I like “standup” meetings. In nursing we meet for 10 15 minutes . In am report on current pr staffing issues problem. APIE…assessment planning intervention and,evaluation. Can be used with almost anything. We are responsible for peoples lives. We can’t waste time talking about it. We leave that to the folks with the big degrees …the boring stuff.
my boss called a meeting with myself and student representatives and at the last minute said she forgot about it and that i’d have to run the meeting and take notes for her
Worst meeting was when my boss decided to have it in the middle of the restaurant and yelled at me for something I didn’t do for 10 minutes until a coworker came over and told him it wasn’t actually me that made the mistake.
Conference calls and apple-eating do not mix well.
“The meetings will continue until morale improves.” Chances of this happening if you continue this meeting: none.
My favorite part of the meeting was when you (thought you) hung up the phone and shouted, “CAN’T BELIEVE we just sold to those suckers!” You may be wondering why I cancelled my order…
Let’s spend countless hours preparing for a meeting that will be delayed, canceled, or misrepresented.
If we can’t solve it via email, IM, texting, faxing, or phone calls, let’s resort to meeting in person.
Your meeting is a high priority for me if there’s free food.
Please try to schedule my meetings around my job interviews.
Another virtual team meeting.
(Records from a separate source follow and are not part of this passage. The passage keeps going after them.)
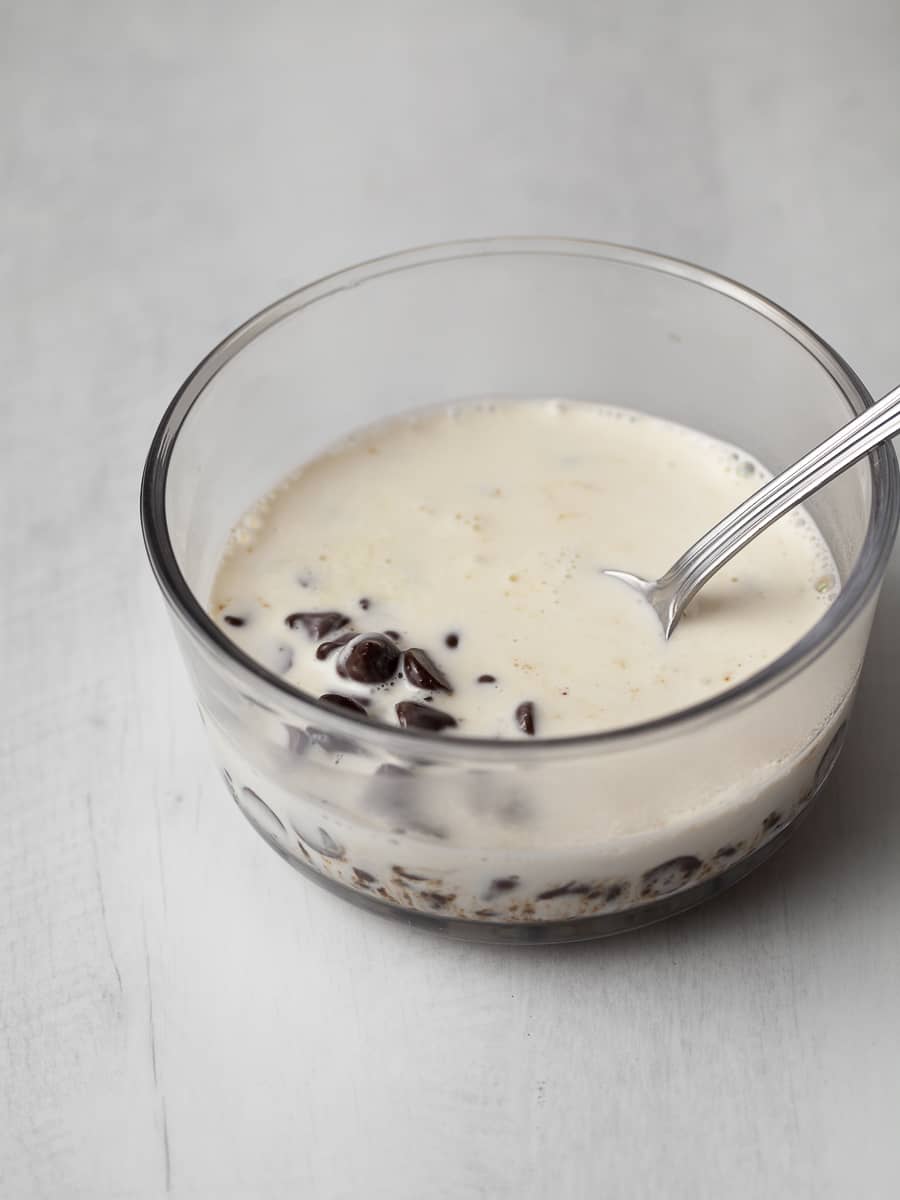 a bowl with chocolate chips and heavy cream to make chocolate ganache
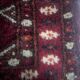 Antique wool rugs with designs on a red background, 20th century.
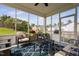 Relaxing sunroom featuring stylish seating, a blue rug, and views of the surrounding landscape at 105 Putters Ct, Durham, NC 27703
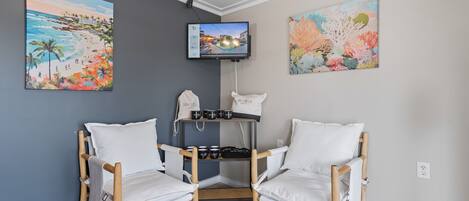 A corner room with two white cushioned chairs, a TV mounted on the wall, and two paintings depicting beach and coral scenes.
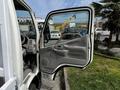 The image features the open driver's door of a 2004 Toyota Toyoace showcasing the interior controls and seating area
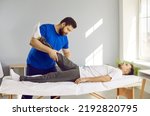 Male physiotherapist work patient after leg trauma help with pain relief and rehabilitation. Therapist or osteopath massage client leg after injury. Recovery and rehab center concept.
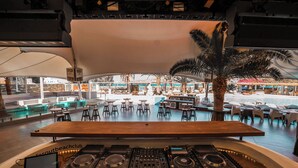 A DJ setup with Pioneer DJ equipment, a pool area with lounge chairs and tables, and a view of the outdoor seating area. - FarOut BeachClub - Rooms & Camping (Ios)
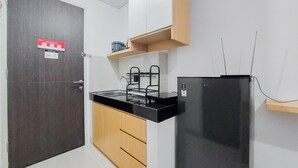 Una cocina compacta con una puerta de madera oscura, un refrigerador negro, una encimera con un lavamanos y un armario de madera.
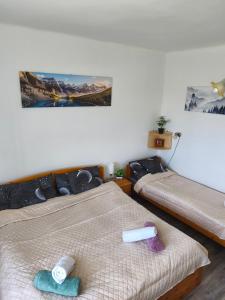 a bedroom with two beds with towels on them at Furó Vendégház in Fülöp +79 photos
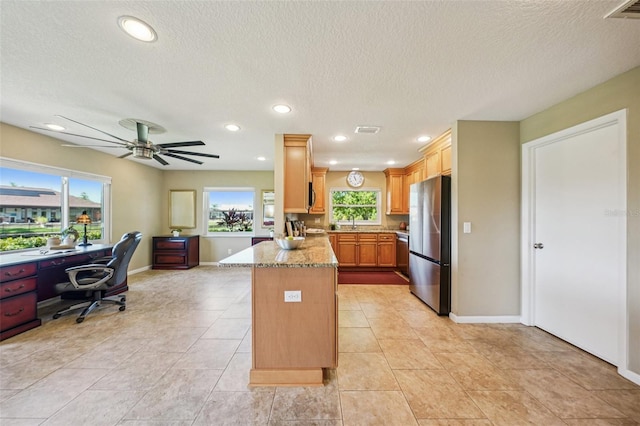 2110 W View Dr, Sun City Center, FL 33573 - kitchen with stainless steel appliances, plenty of natural light, recessed lighting, a peninsula, and light stone countertops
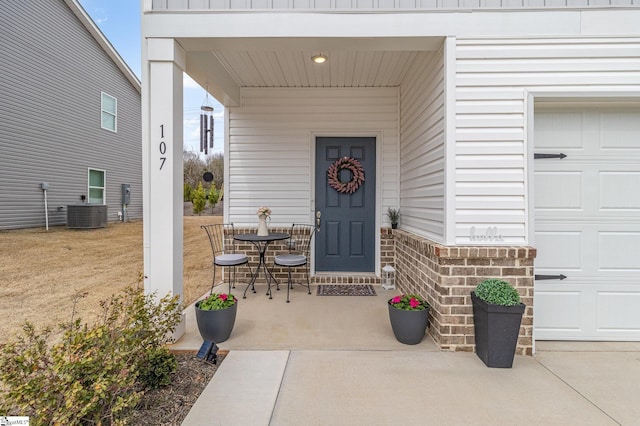 entrance to property featuring covered porch, brick siding, and central AC unit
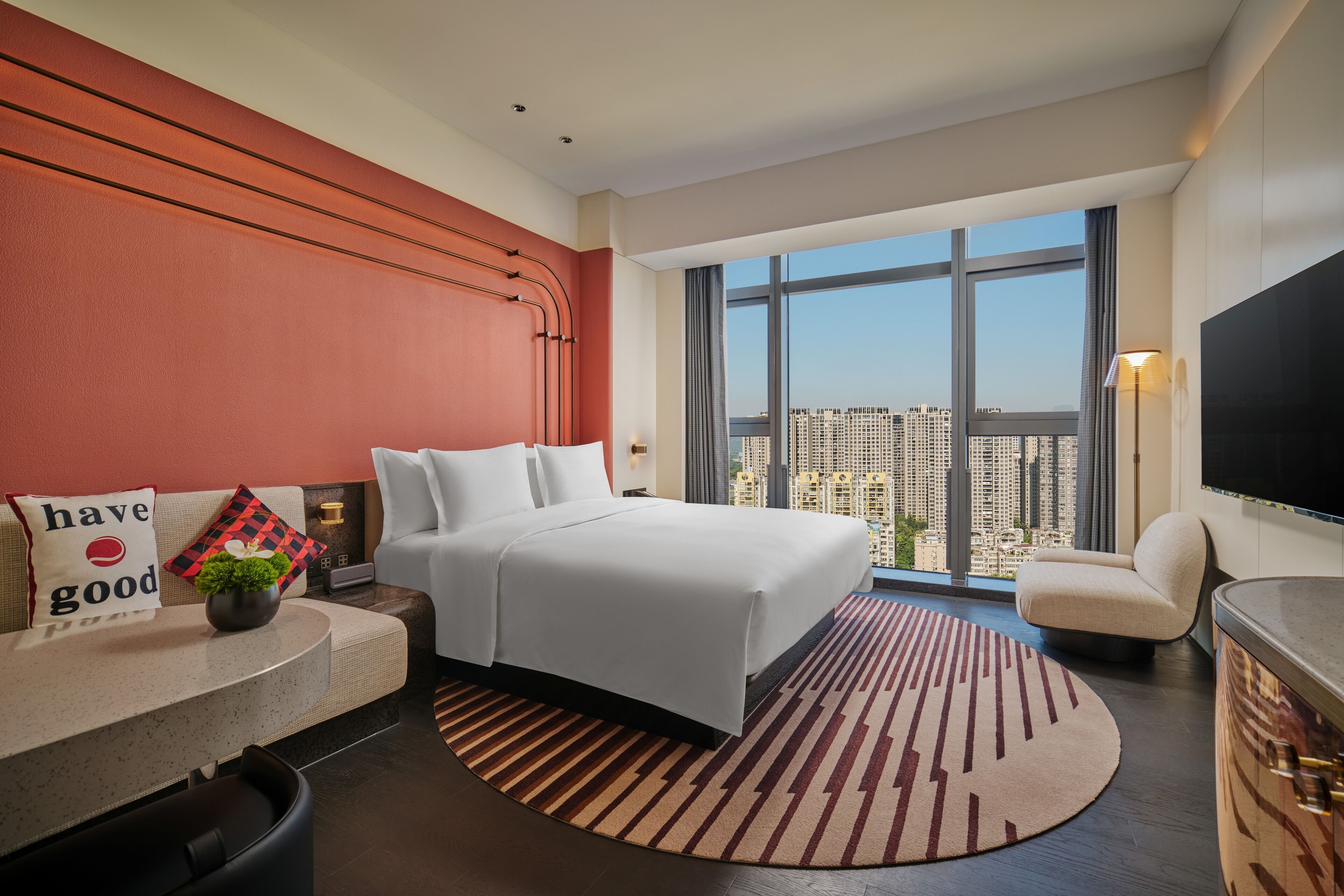 Une chambre d’hôtel moderne avec un grand lit, un canapé, une télévision et une vue sur la ville.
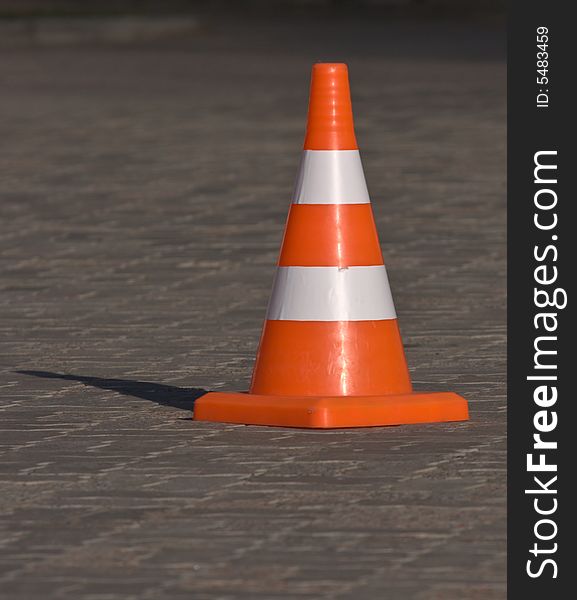 Striped restrictive cone on a road
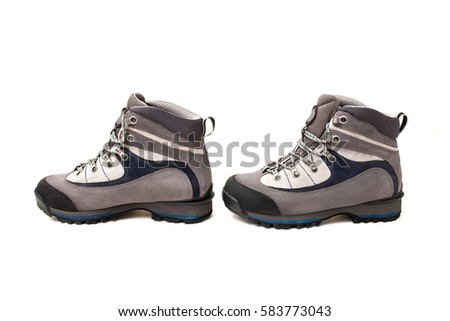 Hiking high boots isolated on white background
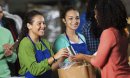 Teen girls volunteering at food bank, receiving donated groceries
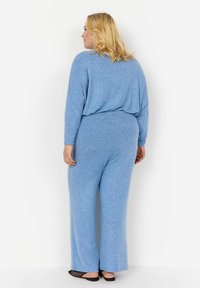 Blå, texturerad jumpsuit med lång ärm, avslappnad passform och vida ben. Mjuk material och enfärgad utan synliga mönster eller detaljer.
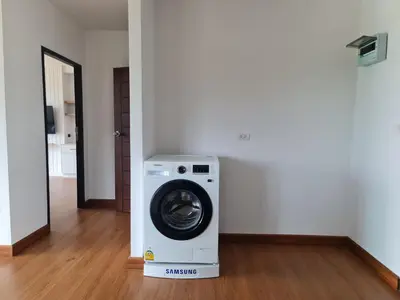 a washing machine in the middle of a room at BP Sweet Home Bang Tao - 607 in Ban Thalat Choeng Thale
Looks like I’m going to have some time to answer my emails after all.
At the end of a meeting, a colleague asked me what I had learned. I enthusiastically replied: “Well, I learned that there are 72 ceiling tiles, 12 light fixtures, and 6 light bulbs in our conference room! Did I miss anything?”
If you’re the boss and you have no intention of engaging the rest of us in your meeting, why not just send an email and save us all the time. #wasteoftime
I think taking 20 minutes to research the company you are spending time with is a fab Idea, another one is to not interrupt the client showing them how smart you are… the last one is watch body language when someone goes from light finger tapping..to crossed arms to the pretzel position… I think you lost them.
Make sure the elevator doors close before discussing the meeting you just had. Better yet, wait until you leave the building altogether.
If you don’t take the time to set an agenda, don’t take the time to hold a meeting.
Chances are, if you think your conference room smells like cat piss, so will your guests. Fix it.
Dont use an image for a presentation that, when clicked, links to the myspace page of some fool you pulled it from. Especially if you say you made it.
Nothing like having your conference room changed to one without Internet just an hour before you’re to host an online meeting with 40 attendees.
Having a 3 hour meeting where one of your team members constantly calls the client the wrong name over and over again even when corrected. Not Fun! #badmeeting
If you meet in a hip conference room with glass doors, bring spare shirts for your attendees for when they walk right into the door with coffee cup in hand.
Maybe if I fake a hernia I can get out of this meeting…yeah it’s that bad!
Your scheduling of a con-call after 2pm PT on a Friday might be just dandy for you. Your East Coast attendees will not “love you long time,” however.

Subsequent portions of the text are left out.